> **TASK OBJECTIVE**
Drop every picture. Then return, exactly, the lines from the beginning of the listing below through the one containing "If you want".

> **RAW DATA**
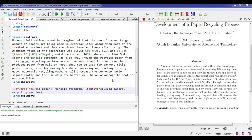One participant asked if the word 'abstract' can be written alongside text rather than centered. This depends on the publisher's template. In this template, abstract is always centered. When you submit to any journal, they provide a template — you cannot change the design. You just feed in your text according to the template provided.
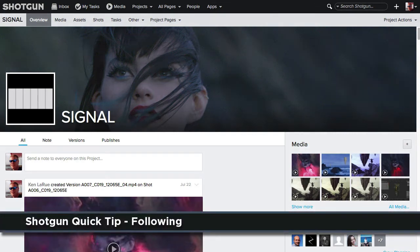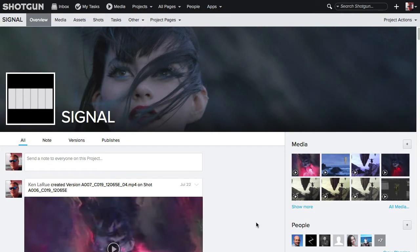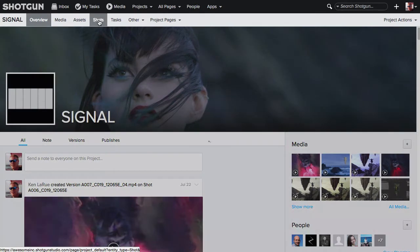If you want to receive notifications of activity for an element such as a shot, asset, or person, you can do that easily in Shotgun by following it.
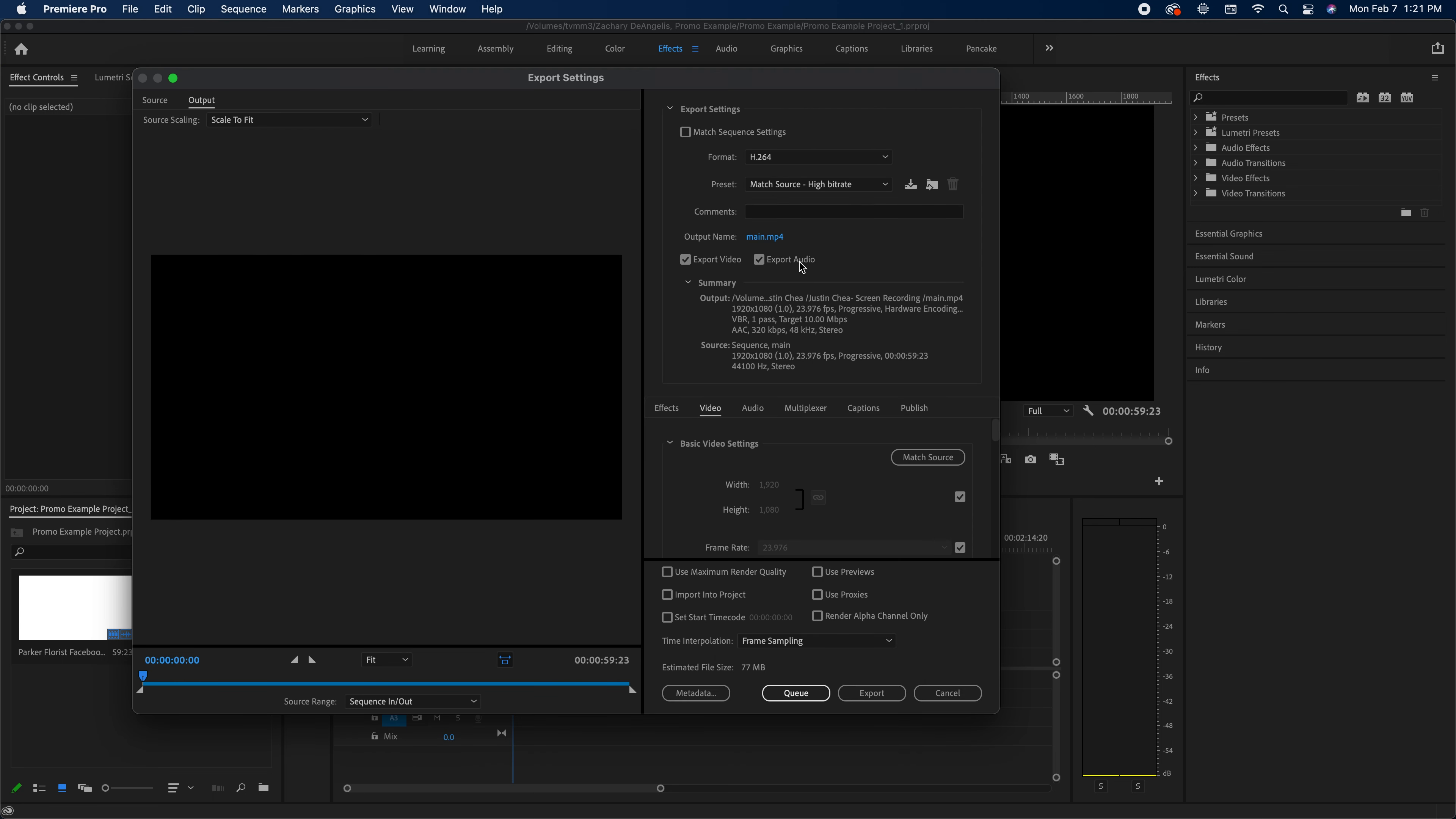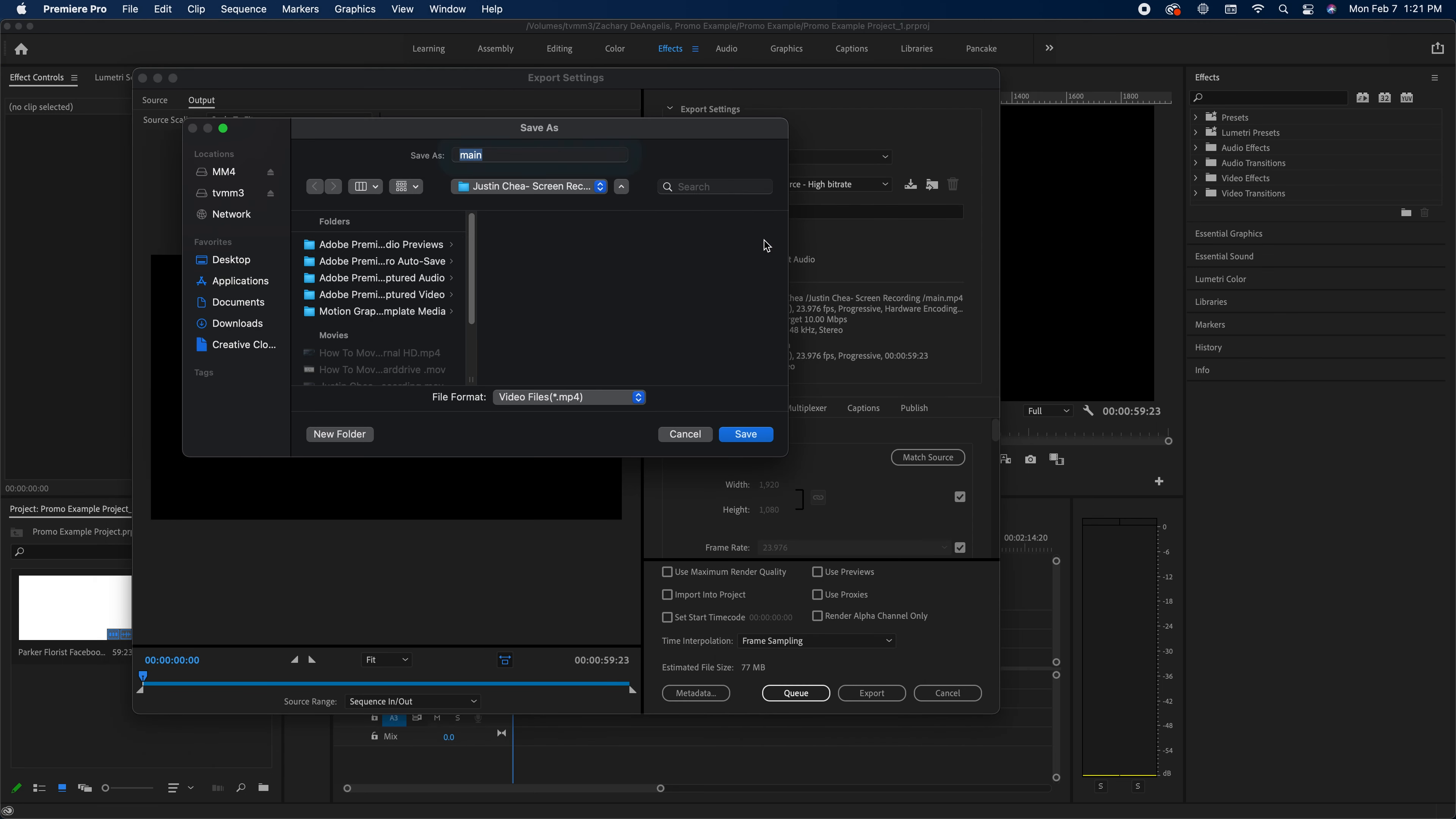And then I'm going to rename it from Main to the correct name, which is your first name and last name, comma, and the project name.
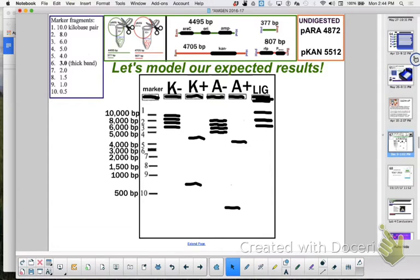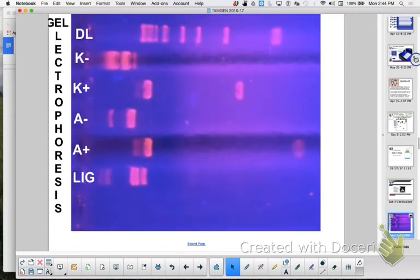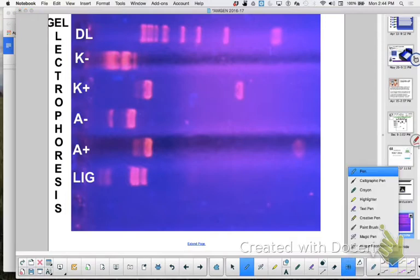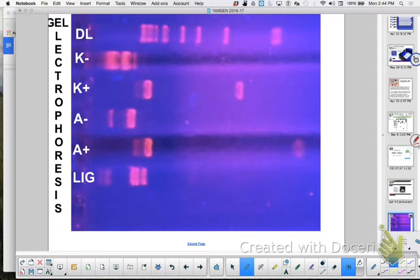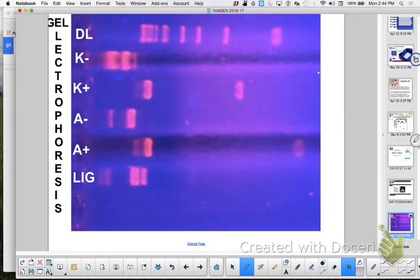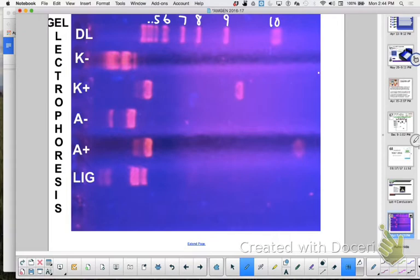So those are my predictions. When you look at your actual picture, you're going to look, does it match that? So the first thing I'm looking at is I'm looking at my marker. And when I look at my marker, this marker that's way out here, this is probably marker number what? 10. Then this one is 9, 8, 7, 6, 5, 4, 3, 2, 1. You okay with that?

> **FINAL ANSWER**
One participant asked if the word 'abstract' can be written alongside text rather than centered. This depends on the publisher's template. In this template, abstract is always centered. When you submit to any journal, they provide a template — you cannot change the design. You just feed in your text according to the template provided.
If you want to receive notifications of activity for an element such as a shot, asset, or person, you can do that easily in Shotgun by following it.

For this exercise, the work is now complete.